Vom 25. bis 29. Mai findet das Laientreffen zum 100. Mal statt. Die altbewährte kirchliche Nabelschau gastiert zum Jubiläum in Leipzig, eine Hochburg der ostdeutschen Konfessionslosen. Knapp anderthalb Jahre später, im Oktober 2017, geht es bei den Evangelischen dann richtig groß her.

Seit Beginn der Luther-Dekade 2008 lauft sich die evangelische Kirche warm für das Großereignis schlechthin: den 500. Jahrestag von Martin Luthers Thesenanschlag im Oktober 2017. Bei so viel Jubel und Trubel geht die Kirchenhistorie fast unter. Über Jahrhunderte haben Reformation und Gegenreformation das kirchliche Leben bestimmt. Protestantischen Pamphleten wie Luthers Kampfschrift „Wider das Papsttum zu Rom, vom Teufel gestiftet“ (1545) folgten postwendend päpstliche Bullen. Wer den interkonfessionellen Bund der Ehe eingehen wollte, brauchte beim Pfarrer erst gar nicht anzuklopfen.

Hände schütteln, Gräben zuschütten

Und heute? Seit die Ökumenische Bewegung 1910 in Edinburgh die erste Weltmissionskonferenz abhielt und 1948 der Ökumenische Rat der Kirchen (ÖRK) in Amsterdam gegründet wurde, bewegen sich die getrennten Christen mit wachsendem Tempo aufeinander zu.

349 Kirchen aus 120 Ländern gehören dem ÖRK heute an. Die Katholische Kirche hat dort aufgrund ihres Selbstverständnisses (sie versteht sich die einzig wahre und legitime Kirche Jesu Christi) nur Gaststatus. Der oberste Katholik und Protestant, Papst Franziskus und Heinrich Bedford-Strom, Ratsvorsitzender der Evangelischen Kirche in Deutschland (EKD), haben sich jüngst in Rom Hände geschüttelt und konfessionelle Gräben weiter zugeschüttet.
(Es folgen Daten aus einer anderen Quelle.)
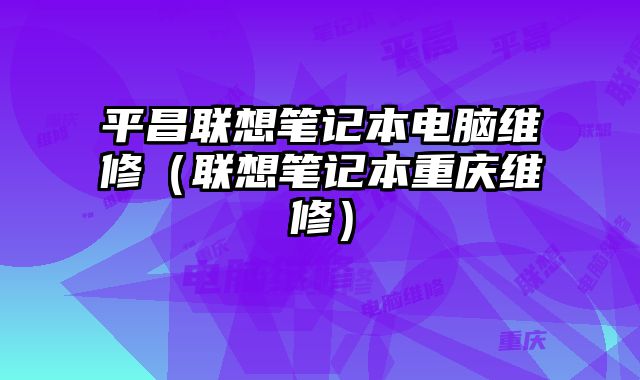 平昌聯想筆記本電腦維修（聯想筆記本重慶維修）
„Konfessionalismus überwinden“

Auch die Katholiken- und Kirchentage sind vom Geist kirchlicher Einheit beseelt. Fromme Wohlfühloasen, bei der sich alle konfessionsübergreifend super verstehen und am Harmonie-Brei laben. Zwar sind auf dem Weg zur Einheit noch hohe theologische Hürden zu nehmen. Doch weder das unterschiedliche Verständnis von Abendmahl und geistlichem Amt noch die Pfarrerehe und das Zölibat können den Aufbruch ernsthaft gefährden.

Die Protestanten wollen im Lutherjahr „jegliche Form von Konfessionalismus überwinden“ und keine „protestantische Selbstbeweihräucherung“ betreiben, wie Bischof Bedford-Strohm beteuert. Im Gegenzug will Papst Franziskus in diesem Oktober ins schwedische Lund reisen, wo 1947 der Lutherische Weltbund gegründet wurde. Statt eines neuen Anathemas (Kirchenbann) hat er eine Versöhnungsbotschaft im Gepäck und will die von Rom getrennten Christen um Vergebung bitten.

Die wahre Ökumene

Auf dem Leipziger Jubel-Katholikentag stimmt man sich schon mal auf den Festreigen ein. Neben dem obligatorischen Schwerpunkt Ökumene gibt es erstmals den Themenbereich „Leben mit und ohne Gott“, der sich dem Dialog mit Konfessionslosen widmet. Mit einem Anteil von 36,6 Prozent an der deutschen Bevölkerung (80,6 Millionen) ist ihre Zahl inzwischen größer als die der Katholiken (29,6 Prozent) und Protestanten (28,2, Prozent). Und sie wächst beständig.

Was die Kirchen umtreibt, ist ihnen ziemlich egal. Was den Kirchen wiederum nicht egal sein sollte. Denn die wahre Ökumene will Brücken zu allen Menschen schlagen – egal, ob Christ, Muslim, Buddhist oder Atheist.